Would you retype, word for word, the line with "ABB 7TCA296020R0138 NSMP" and each line after it to the end of the entries below, leaving the pictures out?

Excerpted data:
· · · · ·

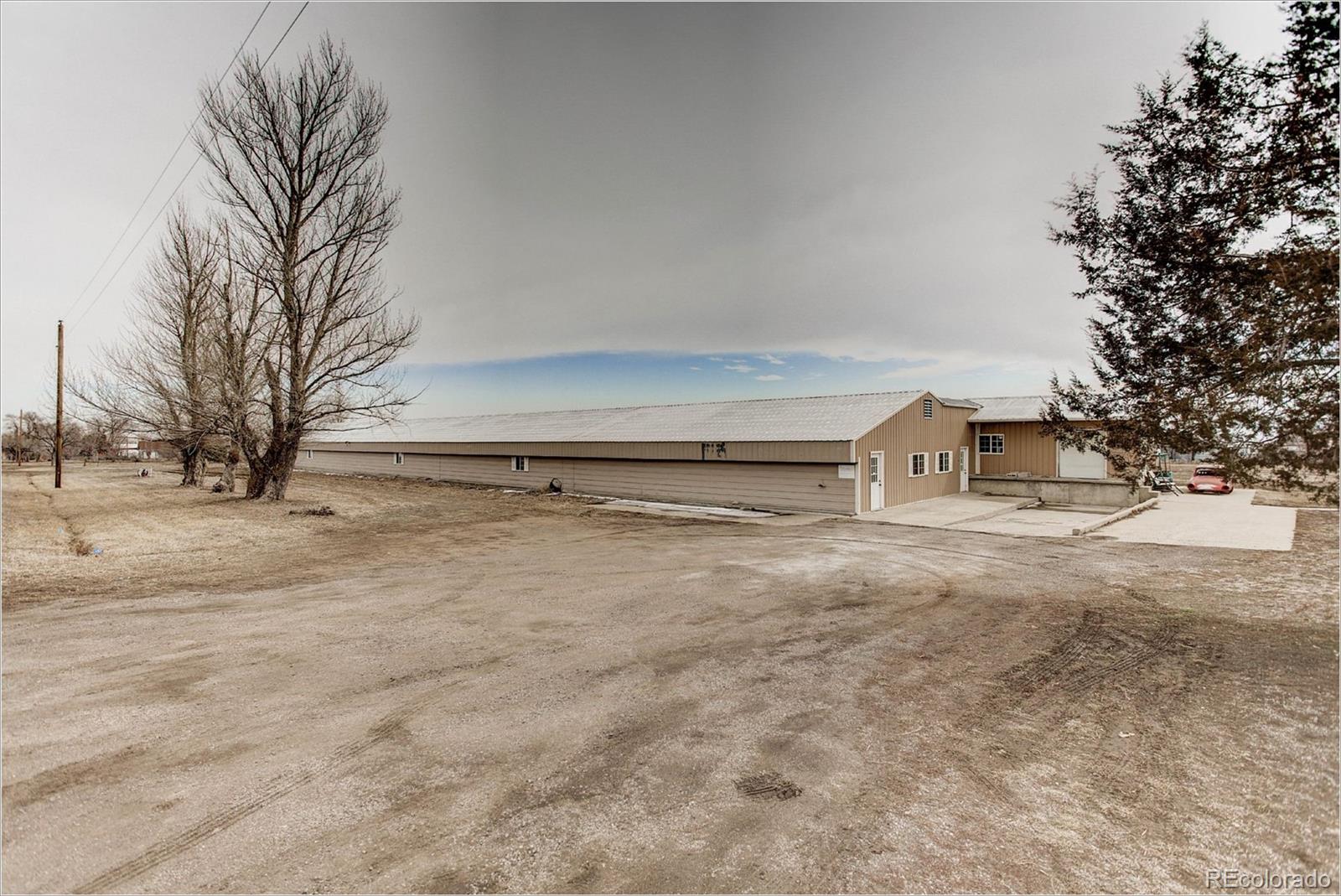 MLS Image #26 for 984  county road 7 ,erie, Colorado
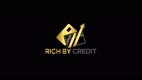 richbycredit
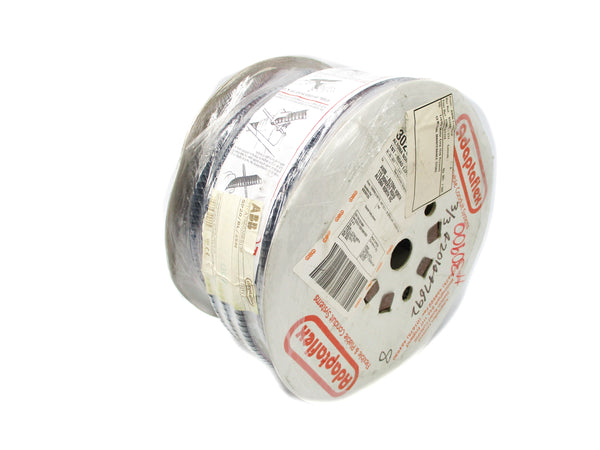 ABB 7TCA296020R0138 NSMP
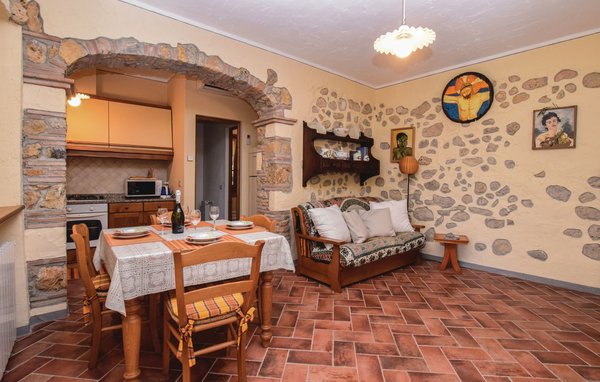 Location de vacances - Camaiore , Italie - ITV877 3
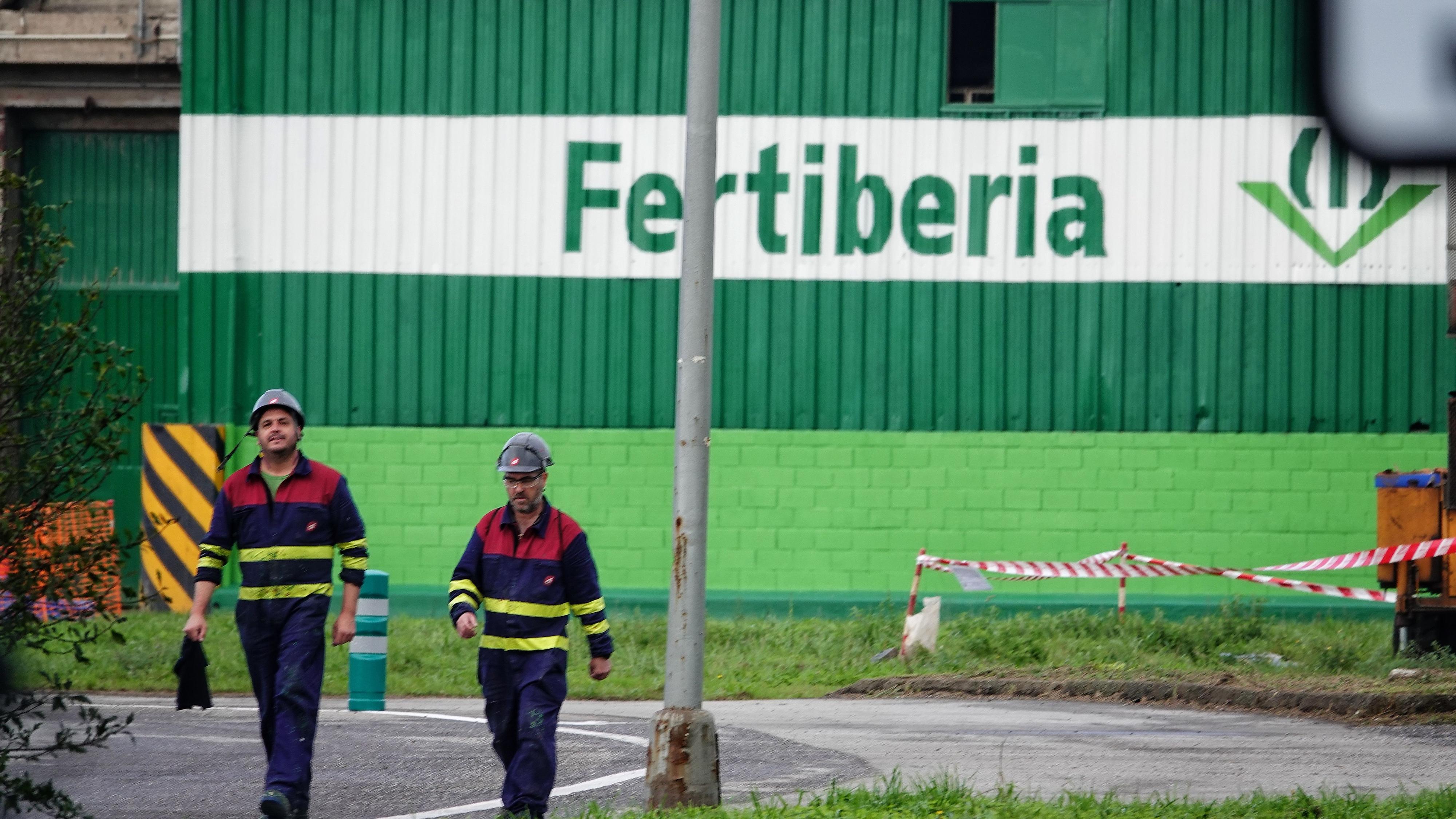 www.rtve.es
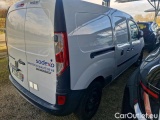  Renault  Kangoo GD VOLUME EXTRARLINK - BLUE DCI 95 #3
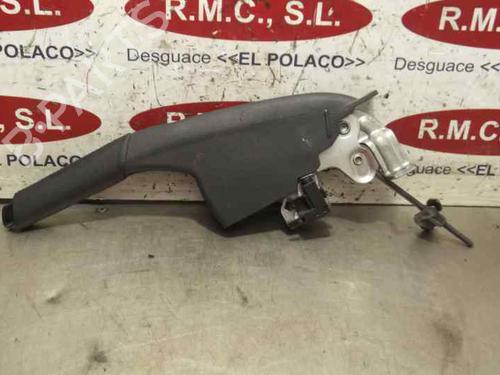Used Hand brake VW POLO V (6R1, 6C1) [2009-2022]  20131368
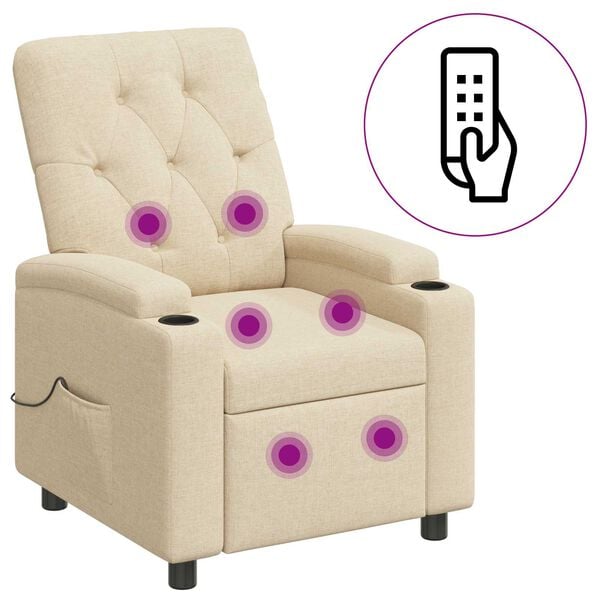 A apresentar a imagem do produto 3 de 14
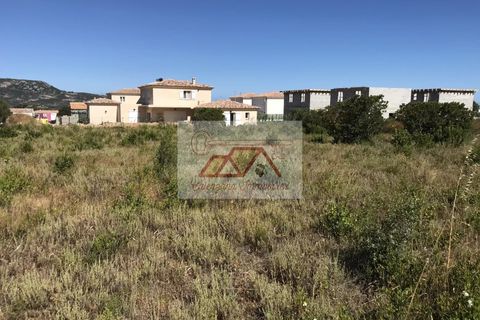 Helårsgrund i Calvi, Haute-Corse, Calvi - € 324.000 | Ref: 5744953 - foto 4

· · · · ·

Task solution:
 ABB 7TCA296020R0138 NSMP
 Location de vacances - Camaiore , Italie - ITV877 3
 www.rtve.es
  Renault  Kangoo GD VOLUME EXTRARLINK - BLUE DCI 95 #3
Used Hand brake VW POLO V (6R1, 6C1) [2009-2022]  20131368
 A apresentar a imagem do produto 3 de 14
 Helårsgrund i Calvi, Haute-Corse, Calvi - € 324.000 | Ref: 5744953 - foto 4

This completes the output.